When pressed a second time about how the Huskies could incorporate Seferian-Jenkins into the offense more, Sarkisian was short with his answer.
“I don’t have the numbers in front of me, but I think we’re a top 10 offense in America, so I feel good about where we’re at as an offensive football team,” he said.
In that respect, Sarkisian is right – the Huskies’ 3,161 yards of total offense ranks 10th in the nation.
Seferian-Jenkins hauled in the Huskies’ lone red-zone touchdown against Oregon on an 8-yard strike from Keith Price, but Washington had to settle for a field goal later in the game after Price was sacked and lost 9 yards on first-and-goal at the 5. That play, and the fact that Seferian-Jenkins didn’t see a pass come his way on it, has been widely scrutinized.
Sarkisian pointed at bigger problems for the offense stemming from the 45-24 loss to Oregon than trying to get more passes to its 6-foot-6 tight end, however.

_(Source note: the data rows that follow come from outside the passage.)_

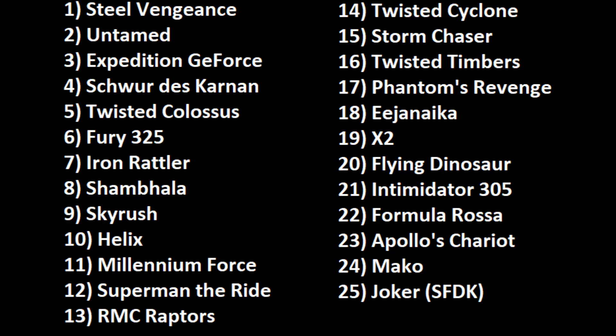Do you agree or disagree with my list? Are you wondering where a certain coaster placed that missed this list? Comment below and I'll be sure to get back to you. Thanks for listening.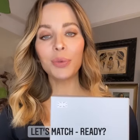Maklon specializes in medical compression wear and it's suitable for all surgical procedures. Let's match some procedures with garments.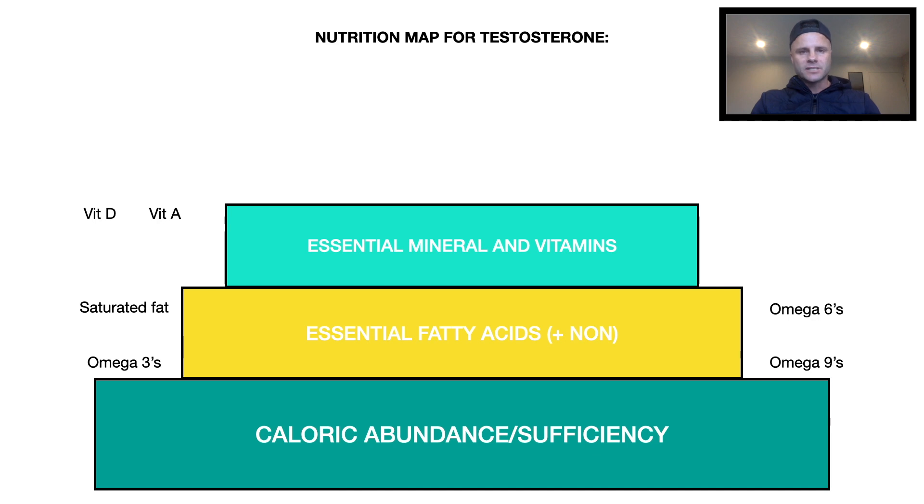Vitamin A has a specific function related to sperm health and other areas. The B vitamins all play different unique roles — particularly vitamin B6, which helps reduce prolactin and estrogenic symptoms. Niacin (vitamin B3) helps with NAD production, which has an indirect effect on testosterone. Vitamin E helps with sperm motility and sperm health. So these vitamins are all really important.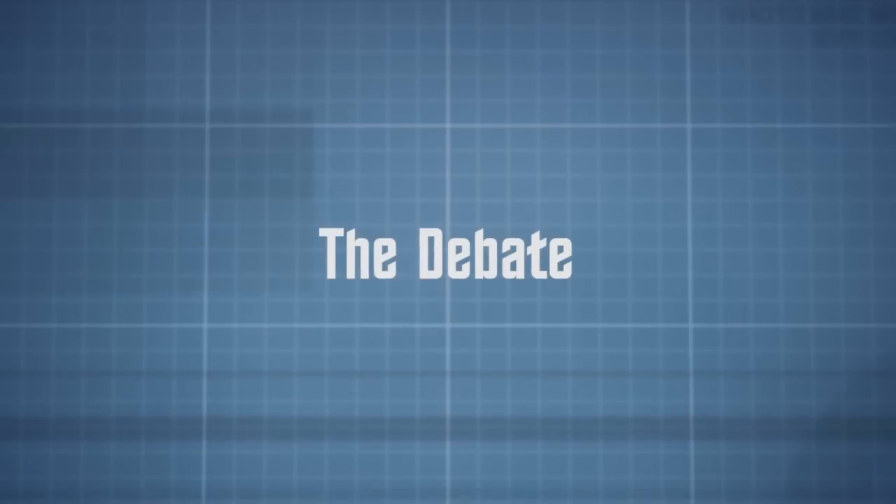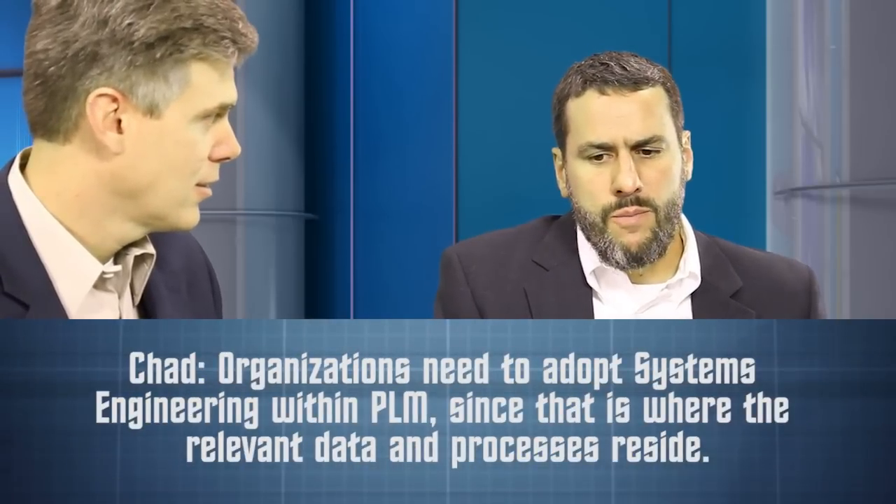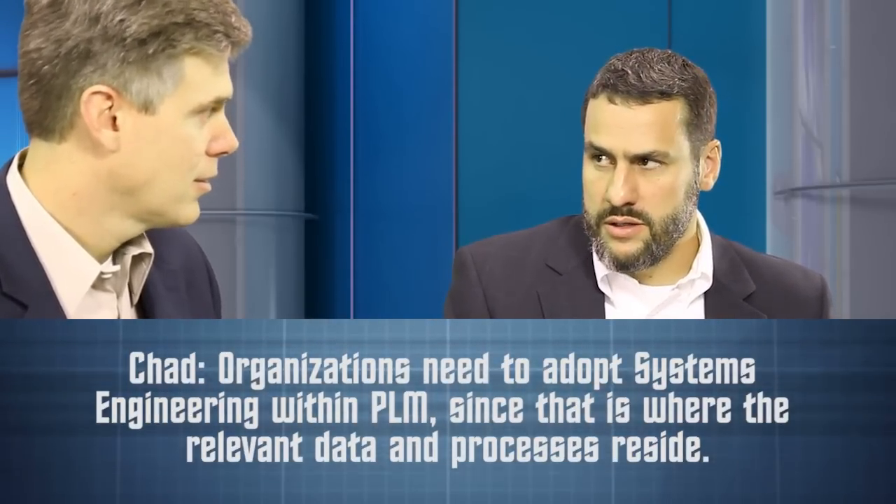Chad, what's your opinion on systems engineering and PLM? I firmly believe that most organizations need to adopt system engineering capabilities within PLM, and here's why: almost every single product made today is a smart product that includes mechanics, electronics, and software. You need to be able to manage requirements across all those items. PLM is currently — and in the near future will be — where all those artifacts live and where all those engineering and new product development processes run.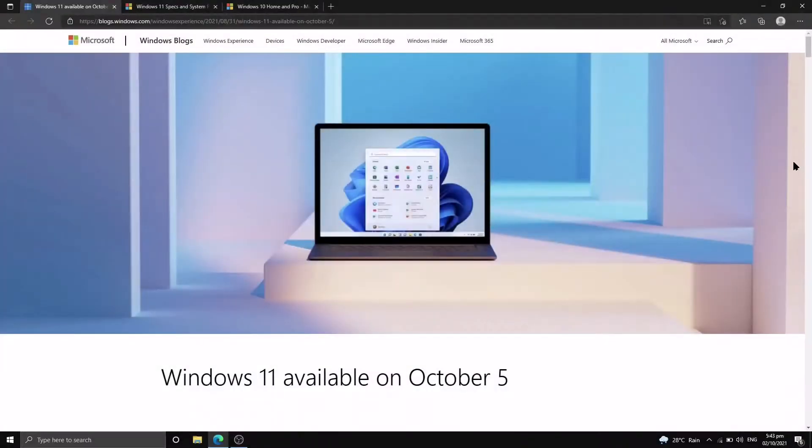Hi guys, welcome back to my channel. This is part of the trunks and we're back for another Microsoft video. You already have a hint of what we're gonna be talking about — their newest operating system, Microsoft Windows 11.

“We’ve gotta go faster. We only had 74 plays Saturday. That’s not good enough,” he said. “I thought more importantly than anything else, our passing game really lacked explosive plays in the ballgame, and it didn’t help air out the running game. We’ve been really explosive as a football team coming into the game, and to come out of that game with only four explosive passing plays and four explosive running plays for a total of eight just isn’t up to par for where we’ve been, so I think it all went together.”
• Sarkisian said QB Keith Price, who has been playing with an injured right thumb and conducted postgame interviews Saturday with the thumb wrapped in ice, practiced as usual Monday.
“He did everything normal today that he would normally do,” Sarkisian said.
• Sophomore LG Dexter Charles, who left the Oregon game with a shoulder injury, could miss the Arizona State game, Sarkisian said. Junior Erik Kohler, who filled in for Charles against the Ducks, would be his likely replacement. Charles has started 17 straight games for Washington.